§ **Task details**
Wherever the string "Spacious" appears in the records, return the line that holds it.

****************************************

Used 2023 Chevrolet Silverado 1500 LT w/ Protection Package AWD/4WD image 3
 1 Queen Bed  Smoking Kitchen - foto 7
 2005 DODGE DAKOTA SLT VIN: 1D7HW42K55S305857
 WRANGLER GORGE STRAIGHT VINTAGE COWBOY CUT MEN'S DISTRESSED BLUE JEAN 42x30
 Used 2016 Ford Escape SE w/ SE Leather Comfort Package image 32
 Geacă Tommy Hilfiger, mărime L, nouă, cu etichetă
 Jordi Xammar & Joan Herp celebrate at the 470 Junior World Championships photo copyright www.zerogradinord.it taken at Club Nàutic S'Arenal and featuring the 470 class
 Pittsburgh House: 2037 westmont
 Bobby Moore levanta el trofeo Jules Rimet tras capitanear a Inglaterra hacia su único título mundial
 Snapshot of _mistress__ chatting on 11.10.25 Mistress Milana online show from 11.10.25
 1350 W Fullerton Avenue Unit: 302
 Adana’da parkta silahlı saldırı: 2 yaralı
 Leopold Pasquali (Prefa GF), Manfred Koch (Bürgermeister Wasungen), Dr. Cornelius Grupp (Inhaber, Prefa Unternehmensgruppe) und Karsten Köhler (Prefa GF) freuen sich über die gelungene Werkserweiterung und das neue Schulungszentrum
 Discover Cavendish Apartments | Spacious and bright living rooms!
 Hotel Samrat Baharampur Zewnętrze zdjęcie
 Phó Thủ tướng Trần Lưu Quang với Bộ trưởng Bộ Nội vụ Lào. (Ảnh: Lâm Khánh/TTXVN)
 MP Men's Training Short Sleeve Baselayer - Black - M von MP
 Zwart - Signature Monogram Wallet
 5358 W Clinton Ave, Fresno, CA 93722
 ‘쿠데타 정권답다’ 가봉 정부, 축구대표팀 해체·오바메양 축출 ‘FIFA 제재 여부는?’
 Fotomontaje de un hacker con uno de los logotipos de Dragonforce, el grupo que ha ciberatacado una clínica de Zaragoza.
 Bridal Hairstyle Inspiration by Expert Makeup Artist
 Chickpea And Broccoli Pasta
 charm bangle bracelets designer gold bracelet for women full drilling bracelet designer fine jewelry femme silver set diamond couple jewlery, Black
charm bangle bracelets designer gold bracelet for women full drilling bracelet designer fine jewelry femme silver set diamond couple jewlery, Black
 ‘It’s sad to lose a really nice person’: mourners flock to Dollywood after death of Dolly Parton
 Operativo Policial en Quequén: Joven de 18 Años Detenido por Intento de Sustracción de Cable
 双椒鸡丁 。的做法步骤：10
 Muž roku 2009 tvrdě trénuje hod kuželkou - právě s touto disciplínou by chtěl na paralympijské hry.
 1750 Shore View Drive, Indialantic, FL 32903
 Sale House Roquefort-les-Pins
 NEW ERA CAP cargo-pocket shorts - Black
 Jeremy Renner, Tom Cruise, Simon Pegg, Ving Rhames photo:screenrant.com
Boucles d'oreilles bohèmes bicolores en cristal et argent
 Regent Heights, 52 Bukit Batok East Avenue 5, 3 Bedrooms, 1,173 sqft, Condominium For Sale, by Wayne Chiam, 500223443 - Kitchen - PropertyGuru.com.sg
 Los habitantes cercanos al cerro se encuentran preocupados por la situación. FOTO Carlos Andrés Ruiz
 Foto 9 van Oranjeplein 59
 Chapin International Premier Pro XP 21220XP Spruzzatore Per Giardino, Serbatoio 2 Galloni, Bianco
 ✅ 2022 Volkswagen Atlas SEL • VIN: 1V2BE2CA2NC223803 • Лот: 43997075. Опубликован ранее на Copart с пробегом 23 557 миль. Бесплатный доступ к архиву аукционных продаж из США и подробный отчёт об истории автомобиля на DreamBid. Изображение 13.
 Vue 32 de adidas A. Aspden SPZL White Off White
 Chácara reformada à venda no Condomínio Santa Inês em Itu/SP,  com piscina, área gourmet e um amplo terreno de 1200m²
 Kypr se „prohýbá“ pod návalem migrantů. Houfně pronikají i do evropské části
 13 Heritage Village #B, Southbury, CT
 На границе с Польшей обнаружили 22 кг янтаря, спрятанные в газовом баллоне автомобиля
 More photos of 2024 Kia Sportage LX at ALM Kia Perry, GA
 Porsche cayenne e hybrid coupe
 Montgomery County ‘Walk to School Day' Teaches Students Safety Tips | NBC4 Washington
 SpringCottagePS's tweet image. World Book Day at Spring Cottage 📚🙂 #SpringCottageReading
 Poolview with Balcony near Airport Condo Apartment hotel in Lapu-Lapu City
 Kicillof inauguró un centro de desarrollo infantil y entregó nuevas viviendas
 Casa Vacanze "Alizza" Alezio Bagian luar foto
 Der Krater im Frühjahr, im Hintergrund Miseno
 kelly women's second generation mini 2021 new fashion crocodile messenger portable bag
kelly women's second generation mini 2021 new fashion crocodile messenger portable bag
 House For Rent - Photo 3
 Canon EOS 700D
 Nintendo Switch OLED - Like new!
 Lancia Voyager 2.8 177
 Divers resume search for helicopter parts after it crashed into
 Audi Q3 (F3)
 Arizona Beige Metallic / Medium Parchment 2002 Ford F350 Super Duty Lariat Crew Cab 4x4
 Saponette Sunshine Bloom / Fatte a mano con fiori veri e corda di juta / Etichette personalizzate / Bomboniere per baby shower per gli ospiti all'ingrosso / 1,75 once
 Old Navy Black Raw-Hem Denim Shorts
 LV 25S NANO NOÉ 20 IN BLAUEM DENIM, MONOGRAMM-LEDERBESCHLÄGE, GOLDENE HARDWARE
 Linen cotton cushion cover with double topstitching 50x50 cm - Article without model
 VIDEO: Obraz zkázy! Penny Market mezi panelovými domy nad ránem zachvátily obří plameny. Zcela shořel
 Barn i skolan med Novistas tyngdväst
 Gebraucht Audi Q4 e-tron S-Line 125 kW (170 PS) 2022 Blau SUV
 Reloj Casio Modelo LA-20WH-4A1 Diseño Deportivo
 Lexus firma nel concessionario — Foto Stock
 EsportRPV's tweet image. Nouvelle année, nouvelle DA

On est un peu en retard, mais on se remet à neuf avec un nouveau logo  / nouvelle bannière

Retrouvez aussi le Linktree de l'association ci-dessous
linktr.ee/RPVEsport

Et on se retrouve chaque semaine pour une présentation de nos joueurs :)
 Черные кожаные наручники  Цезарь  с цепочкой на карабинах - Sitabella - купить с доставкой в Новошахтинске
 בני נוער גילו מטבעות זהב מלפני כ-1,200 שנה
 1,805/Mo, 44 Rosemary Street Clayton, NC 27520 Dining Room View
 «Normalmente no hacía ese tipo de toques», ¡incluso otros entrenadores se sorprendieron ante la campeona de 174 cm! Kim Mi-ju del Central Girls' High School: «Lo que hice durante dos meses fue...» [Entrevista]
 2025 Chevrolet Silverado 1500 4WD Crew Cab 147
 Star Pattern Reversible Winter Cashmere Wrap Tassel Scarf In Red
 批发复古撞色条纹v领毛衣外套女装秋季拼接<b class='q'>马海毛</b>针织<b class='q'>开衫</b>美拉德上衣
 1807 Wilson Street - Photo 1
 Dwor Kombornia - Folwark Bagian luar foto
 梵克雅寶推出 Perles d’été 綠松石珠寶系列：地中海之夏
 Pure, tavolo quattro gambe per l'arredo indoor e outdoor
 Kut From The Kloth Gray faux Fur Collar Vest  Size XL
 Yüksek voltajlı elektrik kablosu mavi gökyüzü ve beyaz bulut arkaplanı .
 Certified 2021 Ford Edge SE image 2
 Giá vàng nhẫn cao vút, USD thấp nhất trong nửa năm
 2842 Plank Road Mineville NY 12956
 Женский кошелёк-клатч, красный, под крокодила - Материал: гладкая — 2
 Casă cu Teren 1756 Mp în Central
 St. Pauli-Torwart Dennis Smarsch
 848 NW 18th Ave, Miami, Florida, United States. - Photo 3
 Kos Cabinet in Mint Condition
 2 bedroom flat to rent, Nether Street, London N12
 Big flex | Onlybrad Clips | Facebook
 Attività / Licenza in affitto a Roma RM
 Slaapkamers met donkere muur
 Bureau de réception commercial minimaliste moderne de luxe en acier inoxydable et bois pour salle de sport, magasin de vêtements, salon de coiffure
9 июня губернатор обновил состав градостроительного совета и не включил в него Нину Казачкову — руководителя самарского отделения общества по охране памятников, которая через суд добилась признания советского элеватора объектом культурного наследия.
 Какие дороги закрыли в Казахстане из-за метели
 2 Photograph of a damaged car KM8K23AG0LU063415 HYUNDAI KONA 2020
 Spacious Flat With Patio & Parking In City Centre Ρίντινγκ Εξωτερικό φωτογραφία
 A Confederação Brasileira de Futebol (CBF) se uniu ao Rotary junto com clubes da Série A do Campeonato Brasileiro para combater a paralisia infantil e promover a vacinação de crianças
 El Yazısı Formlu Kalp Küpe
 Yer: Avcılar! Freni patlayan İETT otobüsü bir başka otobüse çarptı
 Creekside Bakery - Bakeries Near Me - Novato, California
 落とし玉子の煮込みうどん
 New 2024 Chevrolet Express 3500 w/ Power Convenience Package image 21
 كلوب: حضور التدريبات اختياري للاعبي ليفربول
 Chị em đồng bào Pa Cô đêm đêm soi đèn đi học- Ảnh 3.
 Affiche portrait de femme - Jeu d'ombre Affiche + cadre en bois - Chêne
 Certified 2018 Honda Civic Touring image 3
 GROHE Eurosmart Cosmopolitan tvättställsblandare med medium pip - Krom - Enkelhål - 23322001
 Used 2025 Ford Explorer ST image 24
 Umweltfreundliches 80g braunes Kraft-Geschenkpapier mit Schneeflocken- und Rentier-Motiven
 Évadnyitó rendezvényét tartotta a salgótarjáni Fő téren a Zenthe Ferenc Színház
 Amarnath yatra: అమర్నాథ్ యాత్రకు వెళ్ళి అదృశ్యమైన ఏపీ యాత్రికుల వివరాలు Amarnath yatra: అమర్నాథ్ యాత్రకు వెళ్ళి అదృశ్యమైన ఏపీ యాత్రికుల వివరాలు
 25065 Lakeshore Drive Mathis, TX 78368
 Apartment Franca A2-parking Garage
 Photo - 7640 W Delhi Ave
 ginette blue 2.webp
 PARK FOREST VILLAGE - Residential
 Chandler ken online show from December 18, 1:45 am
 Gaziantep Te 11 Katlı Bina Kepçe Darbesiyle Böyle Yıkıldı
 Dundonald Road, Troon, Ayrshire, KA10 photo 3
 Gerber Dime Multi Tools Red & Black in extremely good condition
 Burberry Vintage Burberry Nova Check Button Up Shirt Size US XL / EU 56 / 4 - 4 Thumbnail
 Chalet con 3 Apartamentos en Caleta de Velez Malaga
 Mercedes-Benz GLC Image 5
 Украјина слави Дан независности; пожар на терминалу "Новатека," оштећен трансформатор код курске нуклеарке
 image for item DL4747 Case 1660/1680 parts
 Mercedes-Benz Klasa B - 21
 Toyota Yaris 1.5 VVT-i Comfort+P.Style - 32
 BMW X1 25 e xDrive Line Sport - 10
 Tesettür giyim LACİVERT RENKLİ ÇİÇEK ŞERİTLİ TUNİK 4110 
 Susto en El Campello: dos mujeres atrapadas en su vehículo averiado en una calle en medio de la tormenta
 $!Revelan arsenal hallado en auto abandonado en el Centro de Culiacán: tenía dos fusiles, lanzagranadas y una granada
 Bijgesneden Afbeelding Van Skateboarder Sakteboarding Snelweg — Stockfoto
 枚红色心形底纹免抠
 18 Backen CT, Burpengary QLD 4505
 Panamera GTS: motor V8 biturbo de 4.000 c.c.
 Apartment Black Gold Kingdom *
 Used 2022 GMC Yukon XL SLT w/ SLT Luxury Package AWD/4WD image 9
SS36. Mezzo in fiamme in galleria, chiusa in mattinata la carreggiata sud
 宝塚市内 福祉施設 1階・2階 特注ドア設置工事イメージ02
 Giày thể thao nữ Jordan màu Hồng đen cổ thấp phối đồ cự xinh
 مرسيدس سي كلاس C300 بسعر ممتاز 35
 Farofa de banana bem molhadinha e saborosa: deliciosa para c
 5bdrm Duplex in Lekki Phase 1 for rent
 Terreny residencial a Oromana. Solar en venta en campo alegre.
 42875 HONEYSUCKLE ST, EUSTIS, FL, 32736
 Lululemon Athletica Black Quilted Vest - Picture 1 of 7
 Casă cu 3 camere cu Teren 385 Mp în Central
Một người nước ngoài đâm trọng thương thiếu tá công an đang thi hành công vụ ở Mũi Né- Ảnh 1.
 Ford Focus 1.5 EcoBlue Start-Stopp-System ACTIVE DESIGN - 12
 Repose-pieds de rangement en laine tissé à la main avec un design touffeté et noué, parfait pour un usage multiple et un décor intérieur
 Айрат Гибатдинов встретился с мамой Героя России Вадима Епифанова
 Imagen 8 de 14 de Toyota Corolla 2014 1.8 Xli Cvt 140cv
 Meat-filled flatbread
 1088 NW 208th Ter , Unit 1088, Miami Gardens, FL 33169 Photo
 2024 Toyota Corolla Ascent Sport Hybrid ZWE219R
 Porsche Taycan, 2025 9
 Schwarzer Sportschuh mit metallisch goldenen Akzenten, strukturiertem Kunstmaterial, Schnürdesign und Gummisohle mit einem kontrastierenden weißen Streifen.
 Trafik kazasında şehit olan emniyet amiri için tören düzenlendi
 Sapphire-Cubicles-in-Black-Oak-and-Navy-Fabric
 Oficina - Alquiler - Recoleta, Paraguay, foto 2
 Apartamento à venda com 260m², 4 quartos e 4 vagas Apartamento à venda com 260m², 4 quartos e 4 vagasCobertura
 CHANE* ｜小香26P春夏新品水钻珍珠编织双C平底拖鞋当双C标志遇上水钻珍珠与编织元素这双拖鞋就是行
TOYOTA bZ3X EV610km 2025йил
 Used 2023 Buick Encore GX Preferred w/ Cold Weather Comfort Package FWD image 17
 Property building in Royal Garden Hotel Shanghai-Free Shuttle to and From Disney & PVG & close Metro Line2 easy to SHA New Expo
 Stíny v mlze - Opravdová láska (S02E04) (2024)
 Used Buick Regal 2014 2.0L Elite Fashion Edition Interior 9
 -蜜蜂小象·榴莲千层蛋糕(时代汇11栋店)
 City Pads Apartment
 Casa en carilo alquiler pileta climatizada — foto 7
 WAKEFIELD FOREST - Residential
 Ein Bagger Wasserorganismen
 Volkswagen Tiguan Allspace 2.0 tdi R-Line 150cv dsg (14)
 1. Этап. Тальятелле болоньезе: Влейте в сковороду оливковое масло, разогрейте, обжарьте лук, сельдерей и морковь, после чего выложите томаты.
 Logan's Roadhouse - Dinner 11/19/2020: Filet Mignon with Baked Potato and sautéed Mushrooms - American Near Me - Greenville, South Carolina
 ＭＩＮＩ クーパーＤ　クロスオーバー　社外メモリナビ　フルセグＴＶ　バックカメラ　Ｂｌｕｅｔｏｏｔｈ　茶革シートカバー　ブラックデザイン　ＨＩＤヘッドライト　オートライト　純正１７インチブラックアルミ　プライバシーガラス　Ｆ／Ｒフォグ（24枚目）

****************************************

§ **Your response**
 Discover Cavendish Apartments | Spacious and bright living rooms!
 Spacious Flat With Patio & Parking In City Centre Ρίντινγκ Εξωτερικό φωτογραφία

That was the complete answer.